Ubiquitous Browser Evolution
Roughly in chronological order (gasp!), here are three excerpts and links to longer articles that are important to go and read. My version of a link dump.
The PC is no longer the only battleground. The Internet is the new medium and it has the effect of leveling the playing field. While this isn't a new insight, let me say it in two specific ways:
- The web enables infinite distribution of content without any special effort or infrastructure.
- The web extends the reach of our apps and services as far as we're willing to let them go.
Both notions come back to ubiquity. If your stuff (and your brand) is everywhere, you win. The money will follow. It always does.
Jeremy Zawodny: Ubiquity in the Internet Age
His other rules boil down to build great stuff, make it open, and give opportunity to other people to build/make money on top of it.
We need to get web publishing back on the fast track, and by rapidly speeding both the evolution and the adoption of modern web standards, we can create an efficiency and innovation boom this medium has never seen. Mike Davidson: Can We Speed Up Browser Evolution?
I can get behind this. Designers drool at some of the special tags added to Safari...but then sob because they can't use it elsewhere.

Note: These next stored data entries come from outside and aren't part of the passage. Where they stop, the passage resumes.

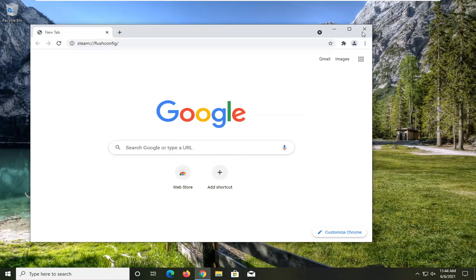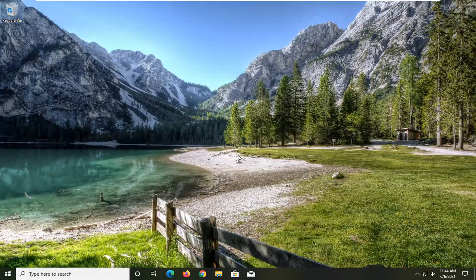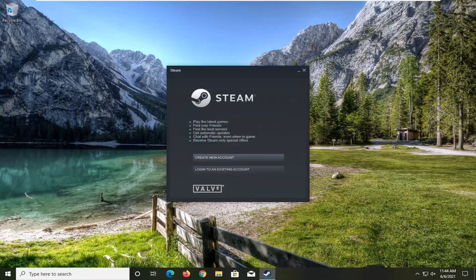Once it's done, close out of here — just listen, it's still finishing up. Then go ahead and sign in to Steam and hopefully your problems should have been resolved.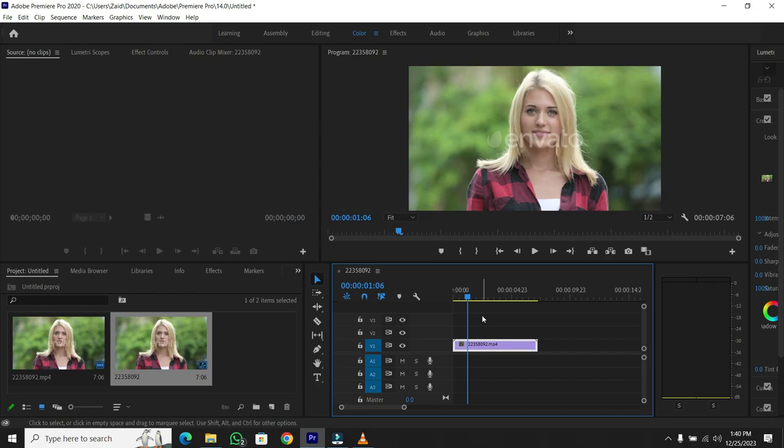Now, press X on your keyboard. This action triggers the input and output points for your selection.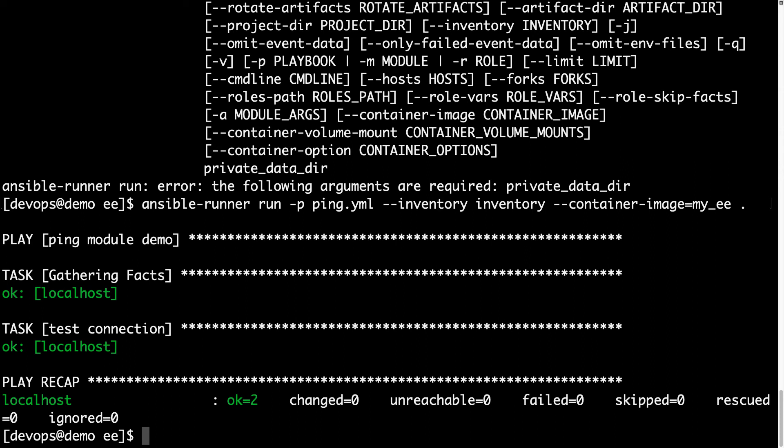So in this way, we are able to run an Ansible execution environment. Yay!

So -- aim for open-ness and standards, but push the envelope as well?
Perhaps more importantly, as I said in a prior post, most of the value today is coming from the community, the reputation, the access to information and goods and services, and the media itself. This ineluctable fact coupled with the driving forces of much faster evolution in response to the natural selection of market needs, much cheaper and easier and more simple user interface, and much better ability to know what can be done better for the customer are all combining. Services will be the dominant model. Think of it as evolution in action. Adom Bosworth: Evolution in Action
The deliver everything as a service that can be a service concept. I had an "aha!" moment around this when looking at development cycles for interpreted languages vs. compiled languages. It may very well be that much of the advantage comes from that difference as well, since desktop apps are generally compiled.
Of course, if you can deliver a desktop app that is auto-updating and based around an interpreted language core, do you get some of the same benefits? In looking at 1001, I see a single-purpose app that hides complexity, but is still tied into a wider web world.